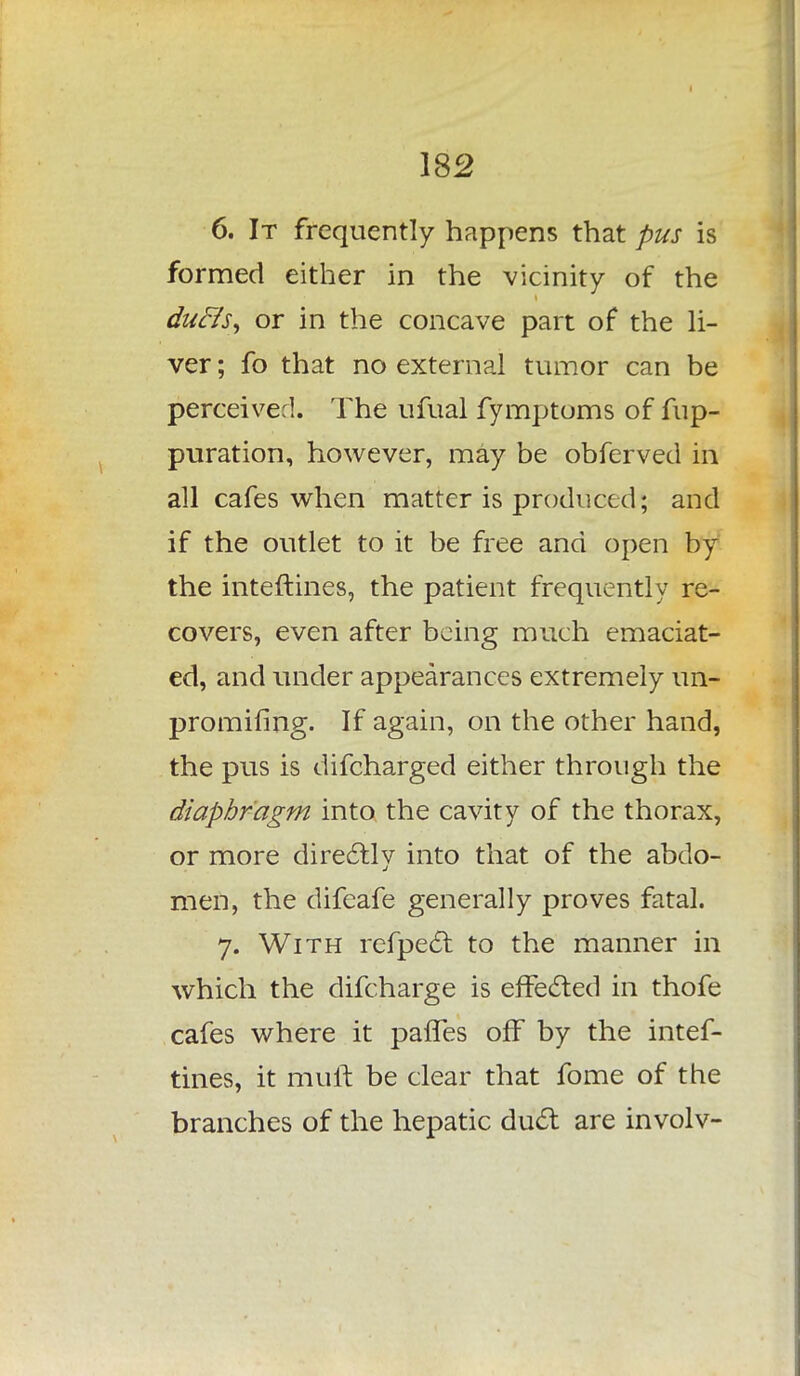 6. It frequently happens that pus is formed either in the vicinity of the duffs, or in the concave part of the li- ver ; fo that no external tumor can be perceived. The ufual fymptoms of fup- puration, however, may be obferved in all cafes when matter is produced; and if the outlet to it be free and open by the inteftines, the patient frequently re- covers, even after being much emaciat- ed, and under appearances extremely im- promifing. If again, on the other hand, the pus is difcharged either through the diaphragm into the cavity of the thorax, or more directly into that of the abdo- men, the difeafe generally proves fatal. 7. With refpecr. to the manner in which the difcharge is effected in thofe cafes where it paries off by the intef- tines, it mull: be clear that fome of the branches of the hepatic duct are involv-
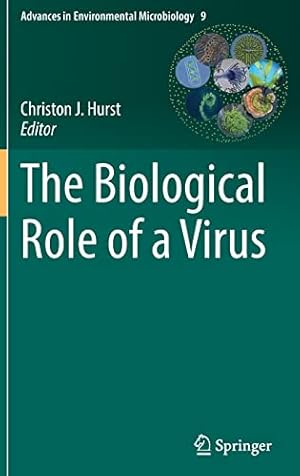 Seller image for The Biological Role of a Virus (Advances in Environmental Microbiology, 9) [Hardcover ] for sale by booksXpress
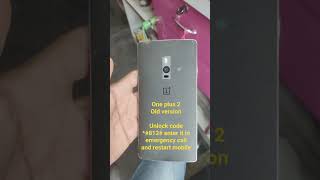 oneplus 2 || A 2003 old model oneplus 2 || with unlock code frp bypass for oneplus 2|| #viral #frp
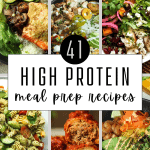 41 High Protein Meal Prep Ideas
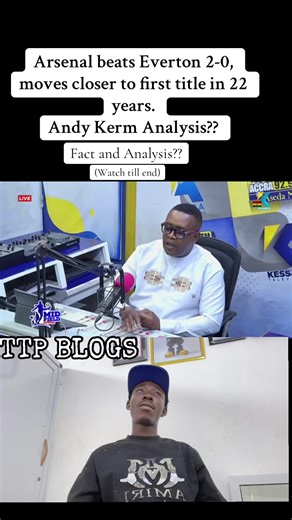 @ANDY KERM analysis on Arsenal beats Everton 2-0, moves closer to first title in 22 years.#kessbensports #trending?videos🔥fyp #sports #viralvideos #Ghananews @Kessben TV/FM @Sir Joe Laka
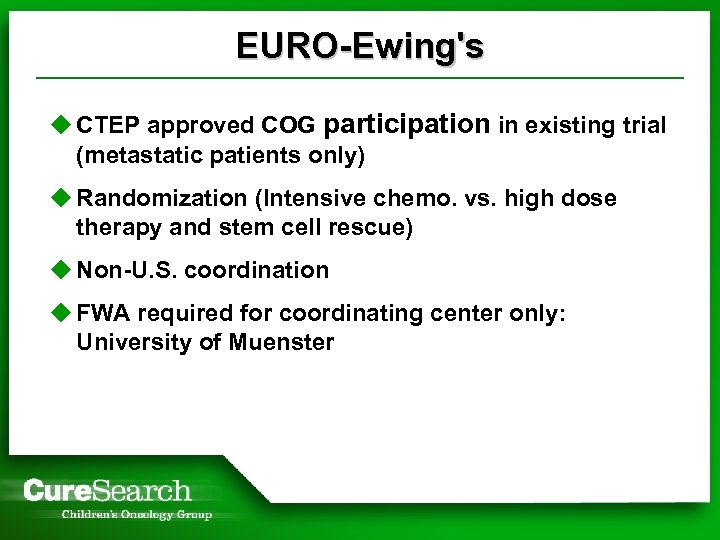 EURO-Ewing's u CTEP approved COG participation in existing trial (metastatic patients only) u Randomization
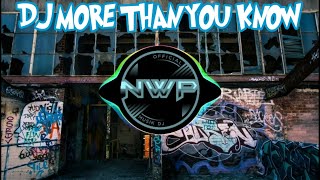 DJ MORE THAN YOU KNOW REMIX TIK TOK VIRAL 2021 FULL BASS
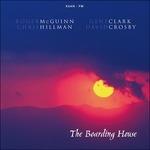 The Boarding House: Live at The Boarding House (Digipack) - CD Audio di Gene Clark,Chris Hillman,Roger McGuinn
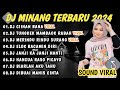DJ MINANG TERBARU 2024 FULL BASS VIRAL TIKTOK CIINAN BANA TUNGKEK MAMBAOK RABAH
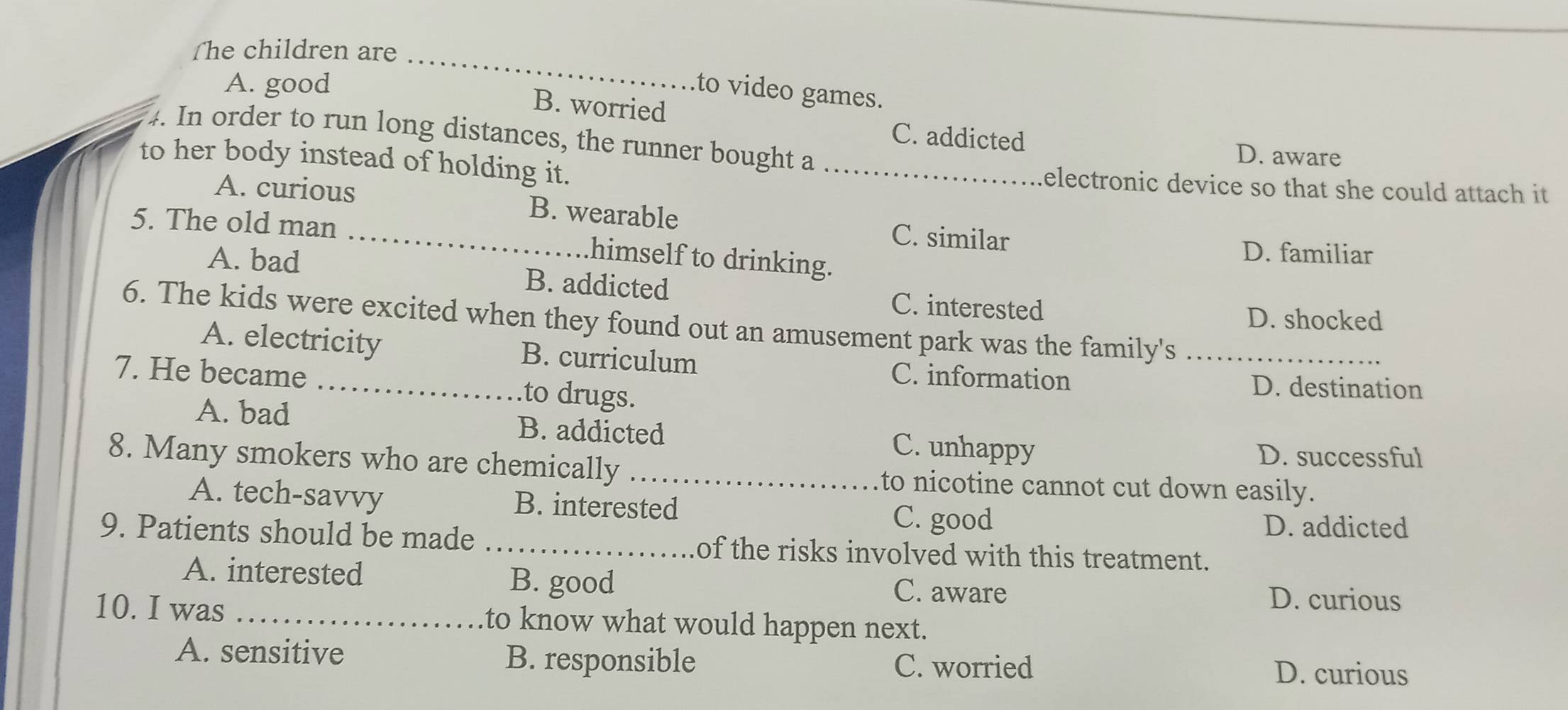 ſhe children are_
A. good
to video games.
B. worried
C. addicted
4. In order to run long distances, the runner bought a
D. aware
to her body instead of holding it. _electronic device so that she could attach it .
A. curious B. wearable
C. similar
5. The old man _himself to drinking.
D. familiar
A. bad B. addicted C. interested
D. shocked
6. The kids were excited when they found out an amusement park was the family's_
A. electricity B. curriculum C. information
7. He became _.to drugs.
D. destination
A. bad B. addicted C. unhappy
D. successful
8. Many smokers who are chemically_ to nicotine cannot cut down easily.
A. tech-savvy B. interested C. good
D. addicted
9. Patients should be made _of the risks involved with this treatment.
A. interested B. good C. aware
D. curious
10. I was _to know what would happen next.
A. sensitive B. responsible C. worried
D. curious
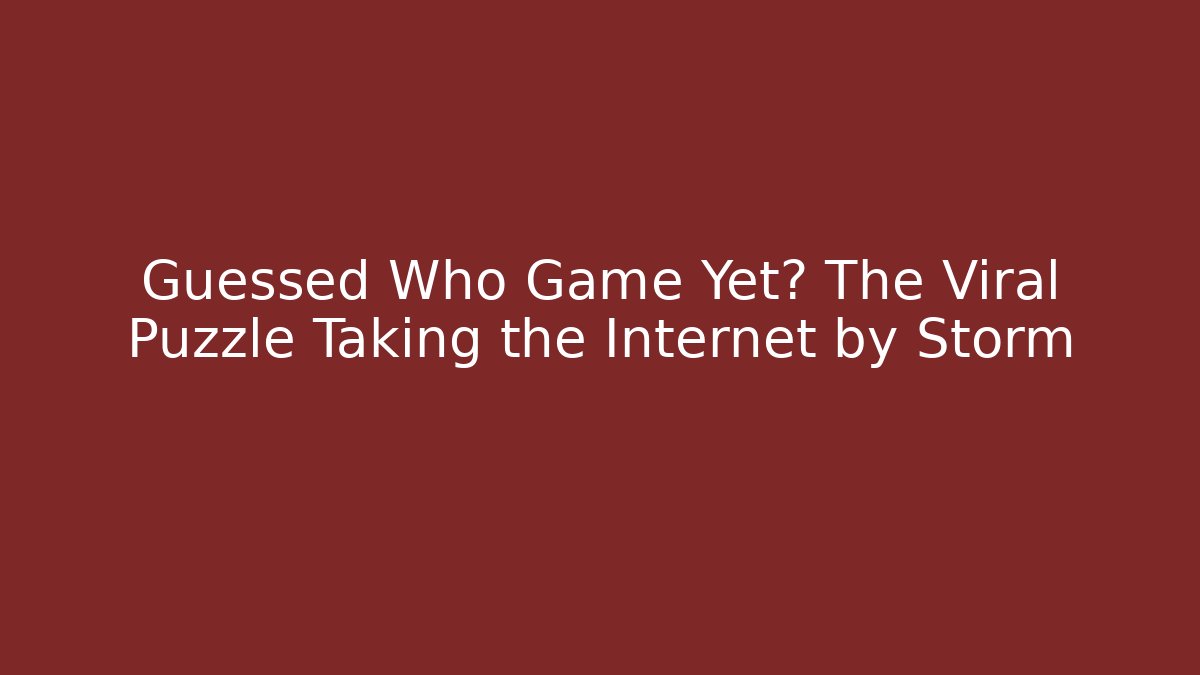 Guessed Who Game Yet? The Viral Puzzle Taking the Internet by Storm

++++++++++++++++++++

Problem to solve: Show each line from the listing above that includes the word "worried".

Worked solution:
B. worried
A. sensitive B. responsible C. worried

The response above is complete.